Most of the company's business is handled through distributors, but the manufacturer built some connections with OEM accounts, Dunchuck said. Salem-Republic also benefits from its expertise in building the large-diameter hoses.
"When diameters get large enough we get calls from competitors asking if we'd like to quote on something in excess of 30 inches or 36 inches because we have these capabilities," he said.
The addition will allow the company to reconnect with some of the markets where it has lost market share, Dunchuck said, such as the municipal and industrial vacuum market. "We see this as an opportunity through increased throughput and increased efficiencies to reposition ourselves in that market," he said.
Lowering lead times is another benefit of the expansion, the sales vice president said. "Lead times are often more important than price," Dunchuck said. "The market ultimately determines the price for any goods that you're offering. If you can offer the products in a much quicker manner, it allows you to capitalize on some more profitable opportunities."
Salem-Republic strives to have lead times in the three- to four-week range, but that can't always be the case depending on work load, he added.
Ney said the company historically has been opposed to debt—his father's philosophy was to never borrow money—but that the low interest rate and competitive construction costs were too good to pass up. Salem-Republic participated in an Ohio loan guarantee program that enhances the interest rate significantly based on hiring and job maintenance.
The company plans to hire five to 10 employees in the next 12-18 months and as many as 20 over the next couple years, he said. Its current head count is 52.
Given the nature of building large-diameter hose, the firm needs a skilled work force, meaning it can't just bring in staff from a temporary agency when orders surge, Dunchuck said.
"We need to develop the book of business that allows us to keep the skilled employees in their positions long term," he said. "The worst thing that can happen is we bring in employees, we invest in training them and then we can't retain them."
Salem-Republic products are used in a variety of other industries, including steel, industrial process and aviation. It also has been seeing good results from its calendered tank lining products, a market it entered within the last two years.
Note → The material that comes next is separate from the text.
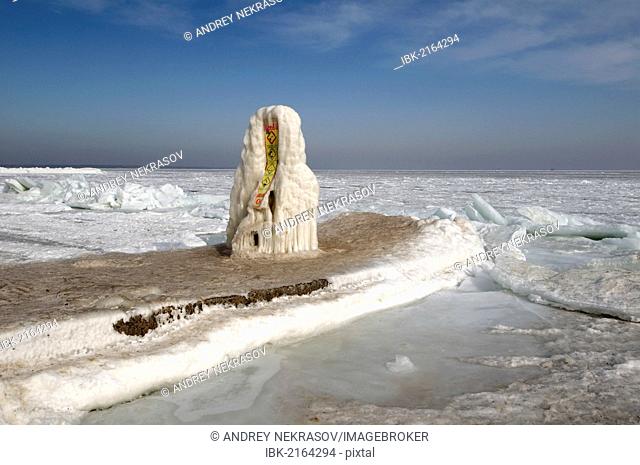 Icy sign, no diving, frozen Black Sea, a rare phenomenon, last time it occured in 1977, Odessa, Ukraine, Eastern Europe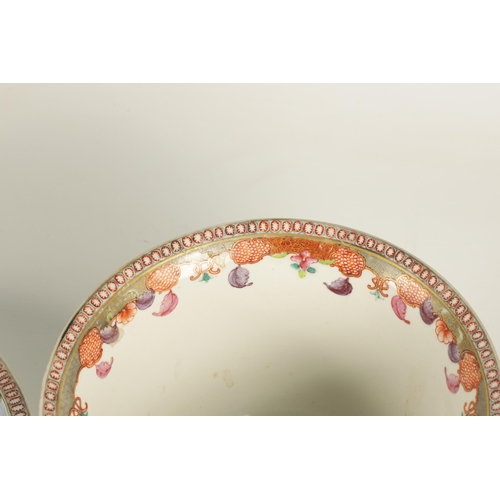 209 - AN 18TH CENTURY CHINESE FAMILLE ROSE BOWL ON STAND brightly coloured with panelled figural scenes an...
"The tank lining business has sustained itself and is paying for itself," Ney said. "We would love to have more tank lining business and we intend to get it."
Dunchuck said tank lining is a good market to be in because the cost is based more on material than labor. It also brings future growth potential, he said, because Salem-Republic represents a viable third source to the two companies that currently dominate the market.
About two-thirds of the firm's business comes from industrial hose, with calendered goods and products for aviation ground support equipment accounting for the rest.
"Our diversity has been a large part of the secret to our success and our growth," Ney said. "We're diverse enough when one industry goes down, another grows, so we are never hindered by any one market having a slump."
And he sees no reason Salem-Republic won't continue to see more growth and higher profits. "I think we're in a unique spot of maturity and strength in personnel that we have never been in our history," the company president said. "This facility is just so exciting, so dynamic, so inspiring. I think it's going to revolutionize us."